### ACTIVITY
From the line containing "Rev72 XL ~ Powerful" to the final line of the entries, copy each line exactly. Pictures stay out.

### RECORDS FOR THIS TASK
------------------------------------------------

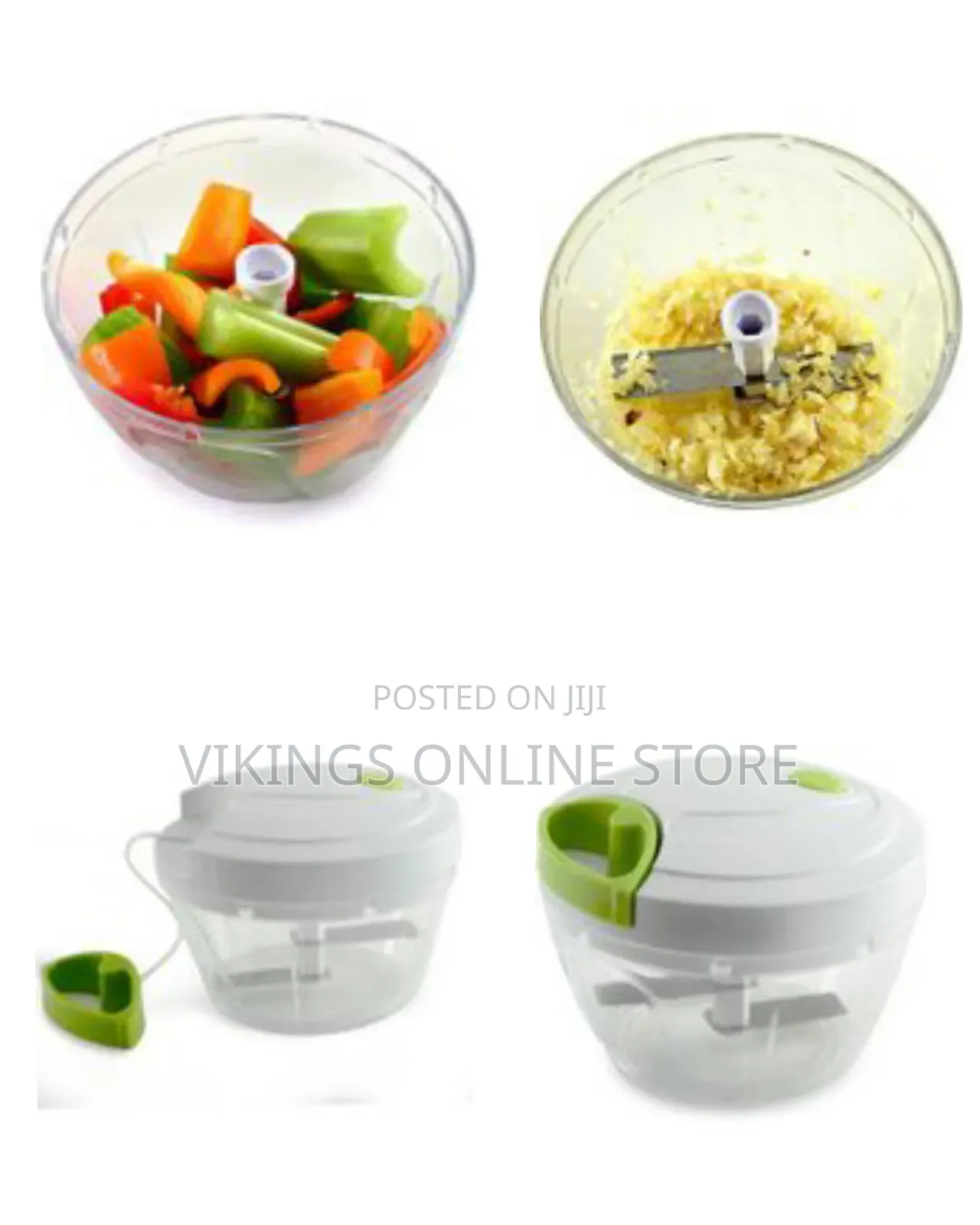 Instant Food Mini Vegetable Chopper- Multicolor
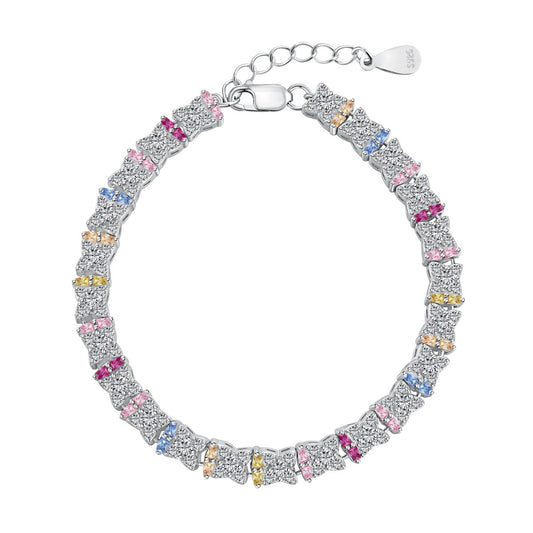 [Tonmkive Jewelry]سوار يومي فريد من نوعه بتصميم زهرة ملونة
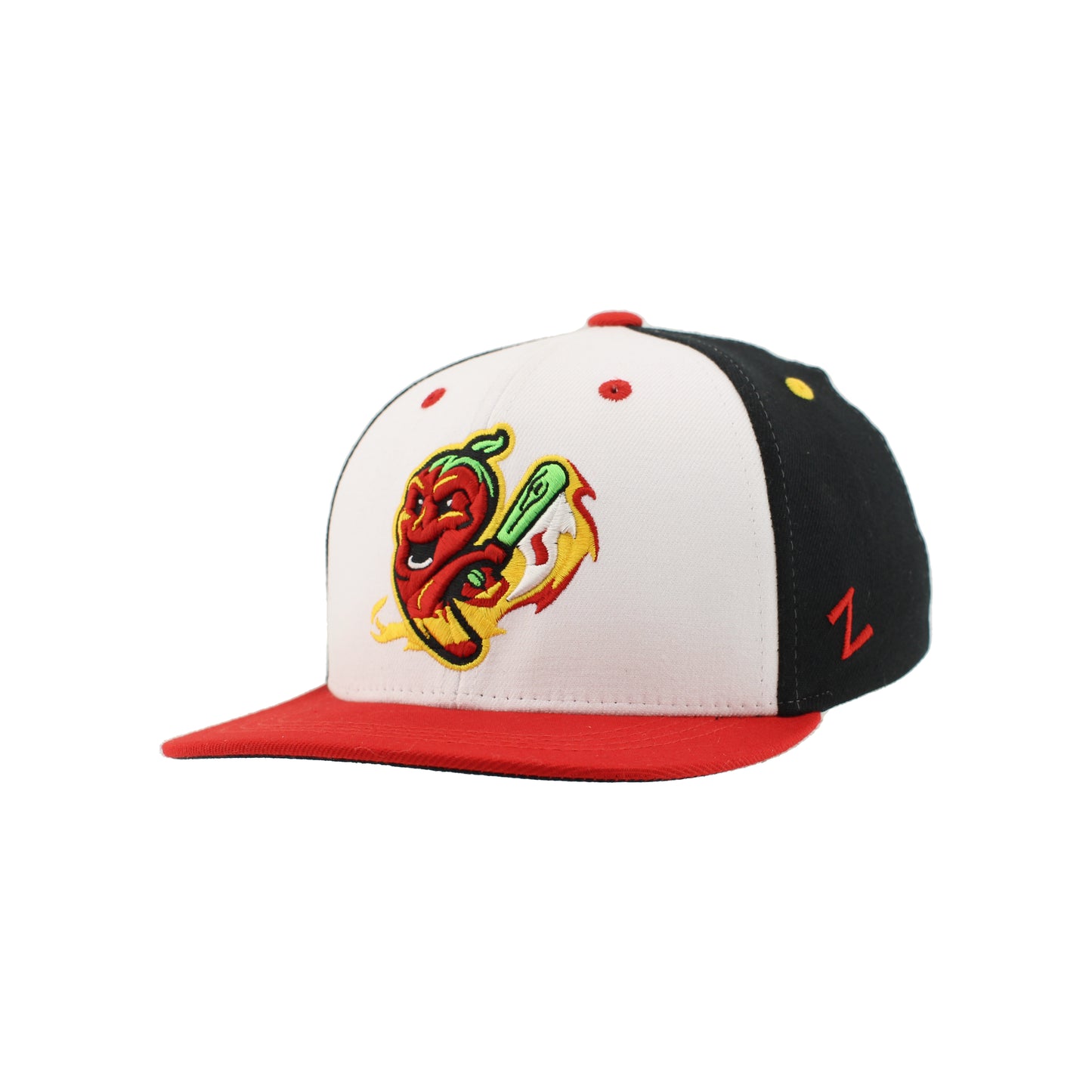 Gastonia Ghost Peppers Wht/Blk/Red M15Z Fitted Hat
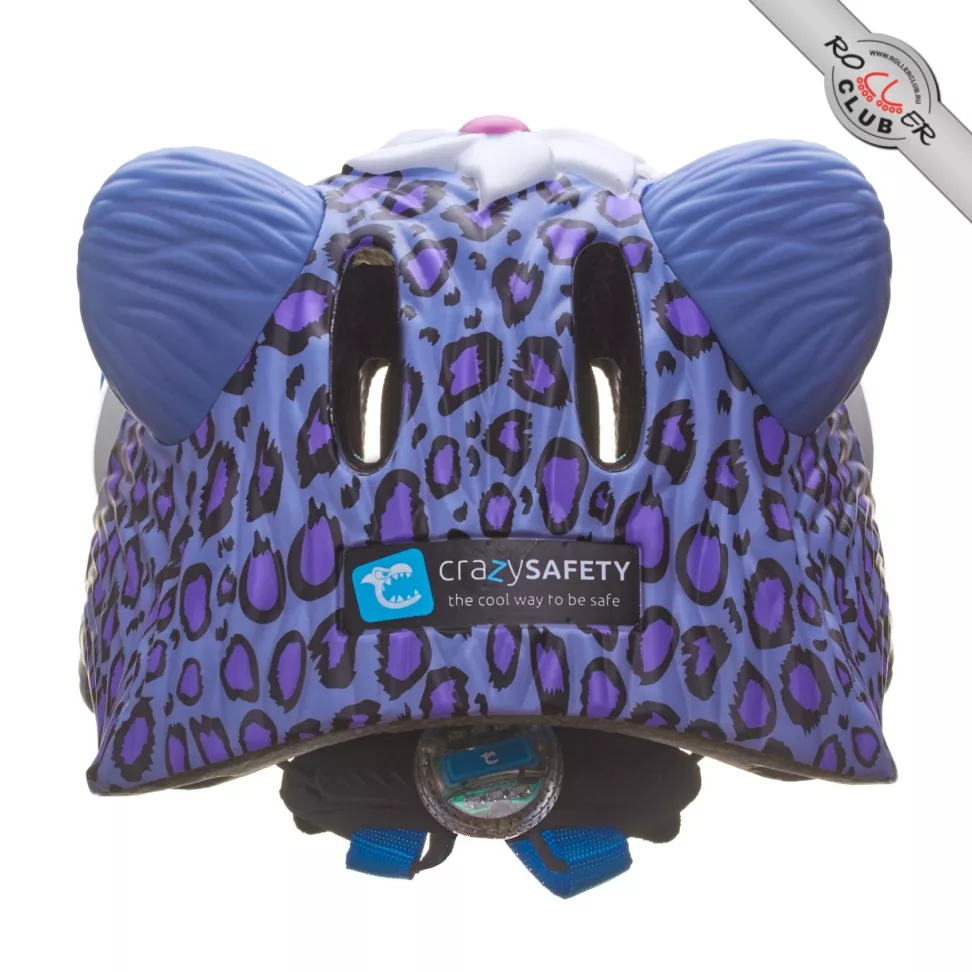 Шолом Crazy Safety Purple Leopard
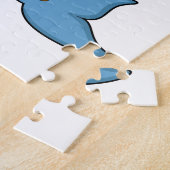 Puzzle Dauphin en astronaute avec costume (Côté)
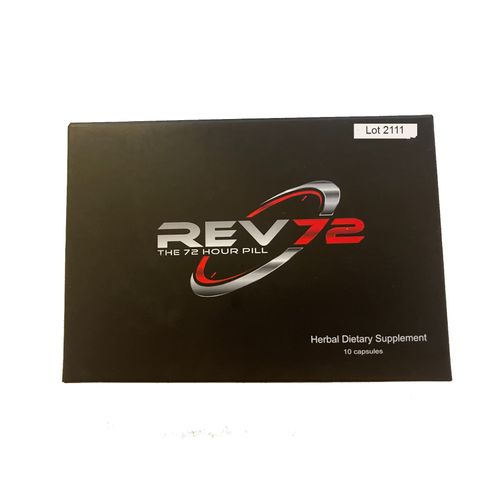 Rev72 XL ~ Powerful 72hr Natural Male Stimulant (10 Pack)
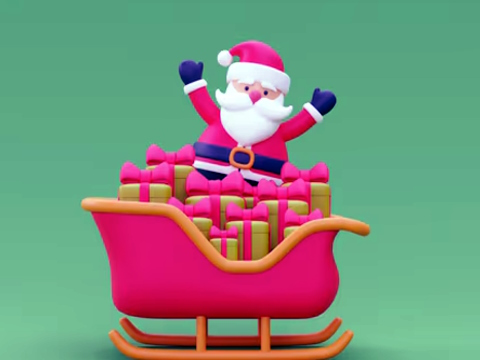 게임 크리스마스 썰매 라이더 3D  온라인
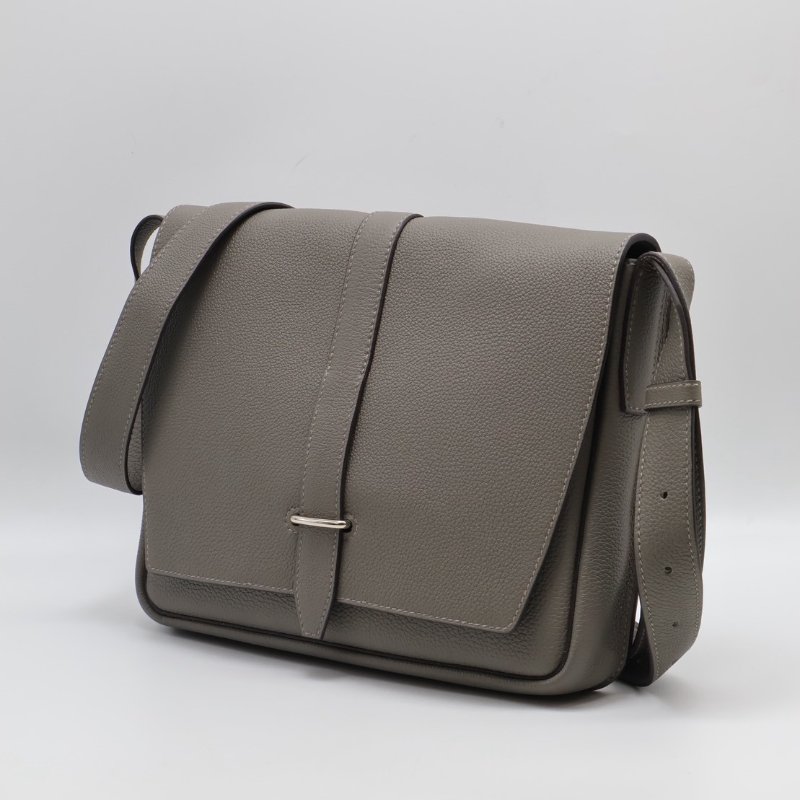 HERMES Steve light junior郵差包 - 積雨雲灰銀 B-2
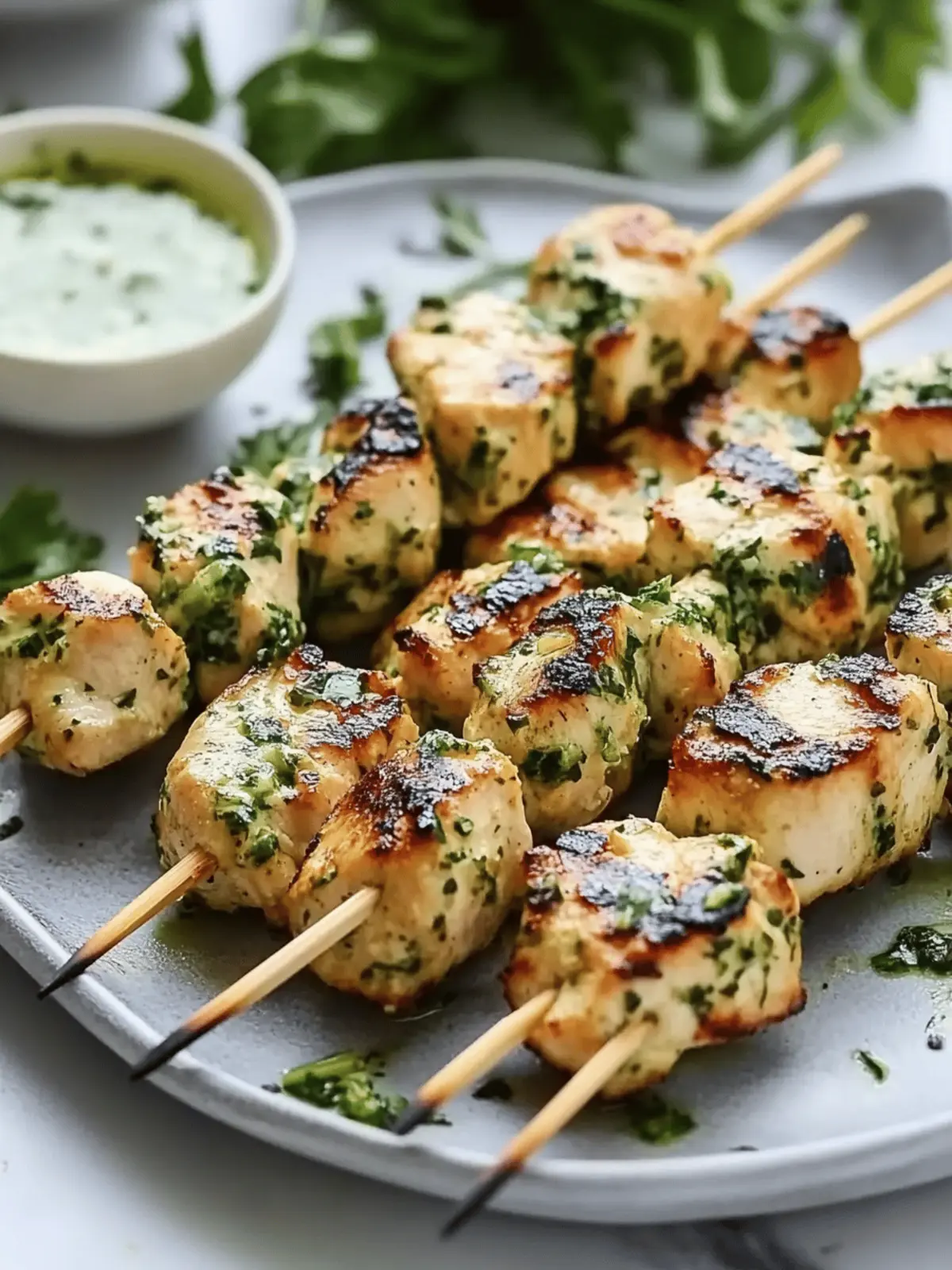 Grill Perfect Green Goddess Chicken Skewers for Flavorful Bliss 2 Green Goddess Chicken Skewers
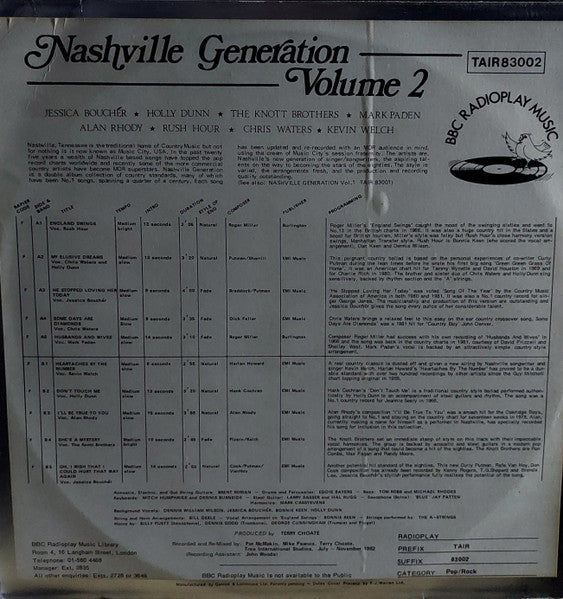 Various : Nashville Generation Volume 2 (LP)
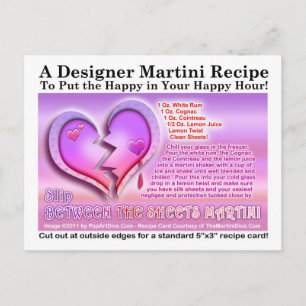 Mellan Lakan Valentine Day Martini Recipe Helg Vykort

------------------------------------------------

### ANSWER TO THIS TASK
 Rev72 XL ~ Powerful 72hr Natural Male Stimulant (10 Pack)
 게임 크리스마스 썰매 라이더 3D  온라인
 HERMES Steve light junior郵差包 - 積雨雲灰銀 B-2
 Grill Perfect Green Goddess Chicken Skewers for Flavorful Bliss 2 Green Goddess Chicken Skewers
 Various : Nashville Generation Volume 2 (LP)
 Mellan Lakan Valentine Day Martini Recipe Helg Vykort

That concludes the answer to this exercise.